> **Entries shown**
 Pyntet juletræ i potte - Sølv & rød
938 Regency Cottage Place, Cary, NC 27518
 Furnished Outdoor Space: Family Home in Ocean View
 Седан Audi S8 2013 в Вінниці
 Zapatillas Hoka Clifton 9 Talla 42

...

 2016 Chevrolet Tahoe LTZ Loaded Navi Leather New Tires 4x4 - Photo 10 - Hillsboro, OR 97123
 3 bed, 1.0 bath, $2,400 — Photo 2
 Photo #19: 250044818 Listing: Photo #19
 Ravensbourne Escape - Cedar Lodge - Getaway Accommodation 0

> **Directions**
Some lines above hold the word "Photo". Copy all of them.

> **Exercise output**
 2016 Chevrolet Tahoe LTZ Loaded Navi Leather New Tires 4x4 - Photo 10 - Hillsboro, OR 97123
 3 bed, 1.0 bath, $2,400 — Photo 2
 Photo #19: 250044818 Listing: Photo #19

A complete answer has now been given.